▶ **Task requirements**:
Don't include any picture when you restate the data word for word.
[Start of Attachment]
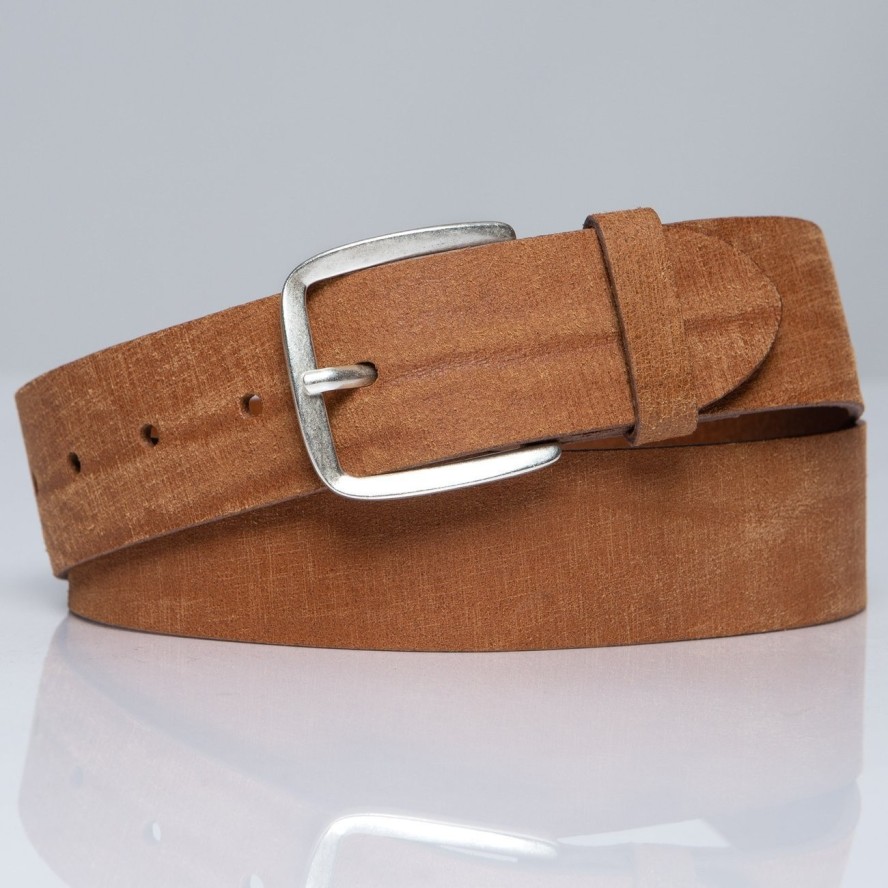 VANZETTI PASEK SKÓRZANY SOPO-VAN982 645 40 mm Ledergürtel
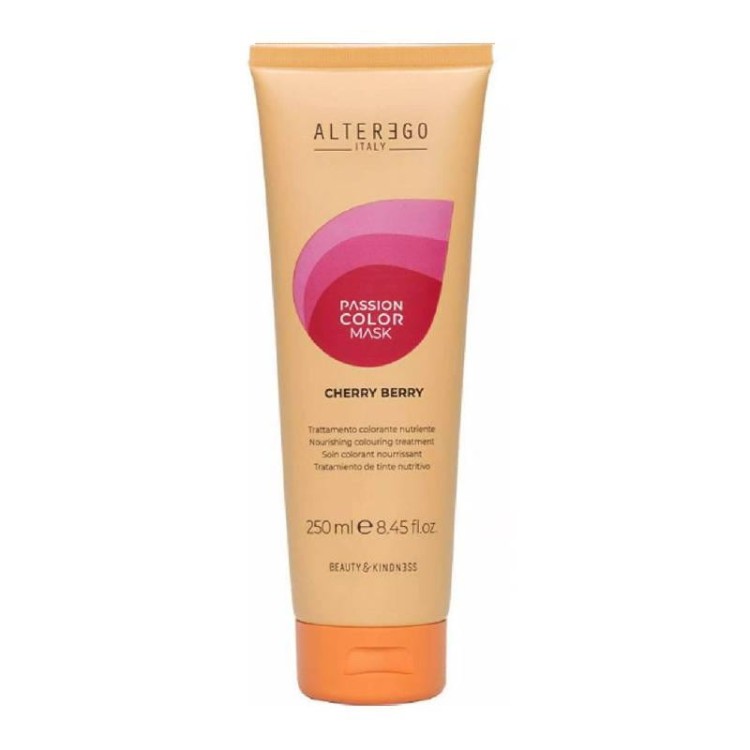 Alter Ego Passion Color Mask Cherry Berry maska koloryzująca 250ml.jpg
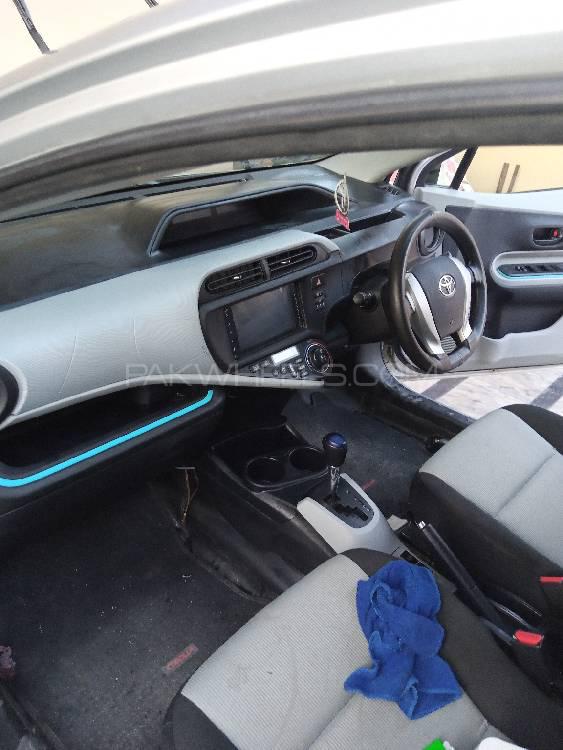 Toyota Aqua 2012 for Sale in Lahore Toyota Aqua 2012 for Sale in Lahore Image-2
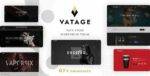 Vatage Theme GPL –Vape WooCommerce WordPress Theme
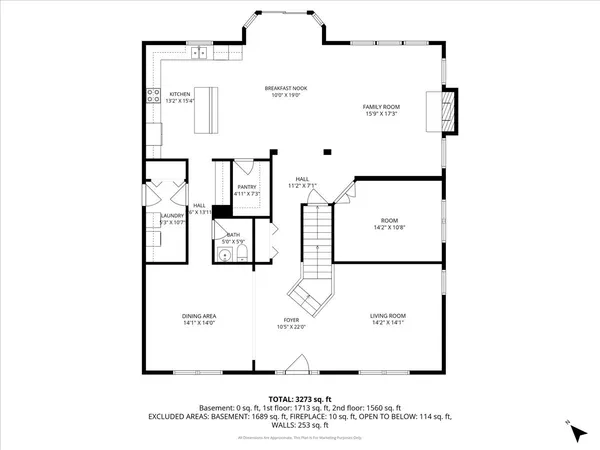$565,000 | 3004 Crossfire Trail, Elgin, IL 60124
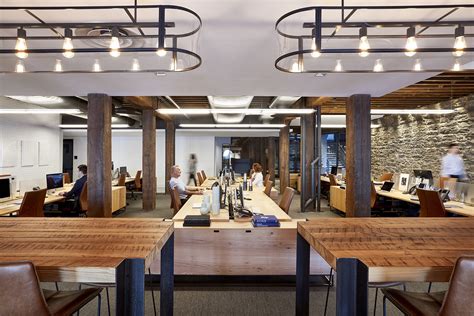 Inside West Elms Sleek New Brooklyn Headquarters Officelovin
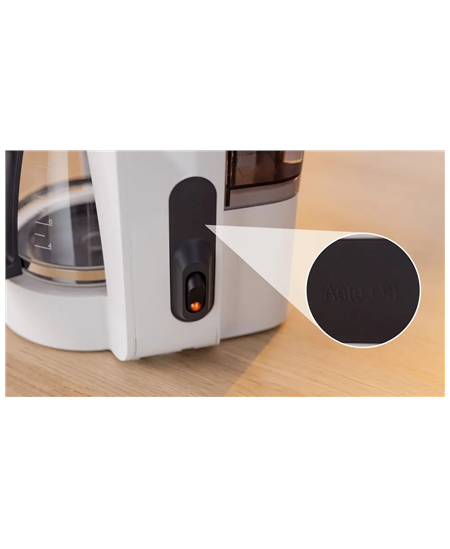 Bosch Coffee Maker | TKA2M111 MyMoment | Drip | 1200 W | White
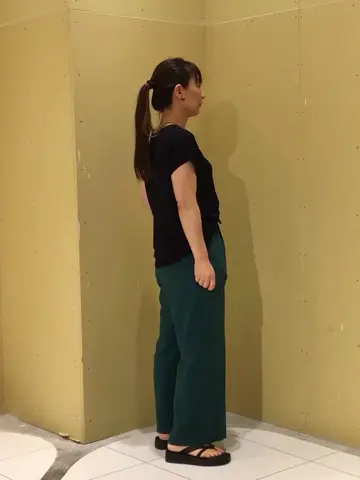 ANY 深田 コーディネート画像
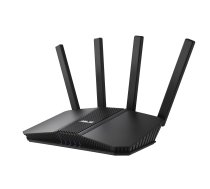 ASUS RT-BE82U BE6500 wireless router 2.5 Gigabit Ethernet Dual-band (2.4 GHz / 5 GHz) Black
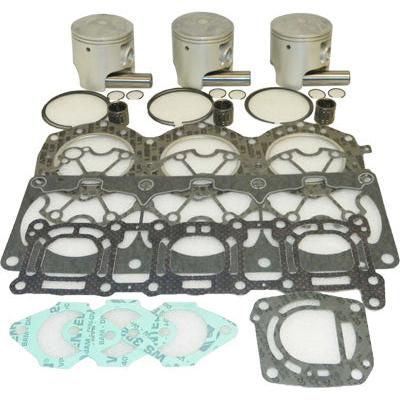 Load image into Gallery viewer, WSM Top End Rebuild Kit .25mm Over - 010-827-21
[End of Attachment]
▶ **Solution for this task**:
 VANZETTI PASEK SKÓRZANY SOPO-VAN982 645 40 mm Ledergürtel
 Alter Ego Passion Color Mask Cherry Berry maska koloryzująca 250ml.jpg
 Toyota Aqua 2012 for Sale in Lahore Toyota Aqua 2012 for Sale in Lahore Image-2
 Vatage Theme GPL –Vape WooCommerce WordPress Theme
$565,000 | 3004 Crossfire Trail, Elgin, IL 60124
 Inside West Elms Sleek New Brooklyn Headquarters Officelovin
 Bosch Coffee Maker | TKA2M111 MyMoment | Drip | 1200 W | White
 ANY 深田 コーディネート画像
 ASUS RT-BE82U BE6500 wireless router 2.5 Gigabit Ethernet Dual-band (2.4 GHz / 5 GHz) Black
 Load image into Gallery viewer, WSM Top End Rebuild Kit .25mm Over - 010-827-21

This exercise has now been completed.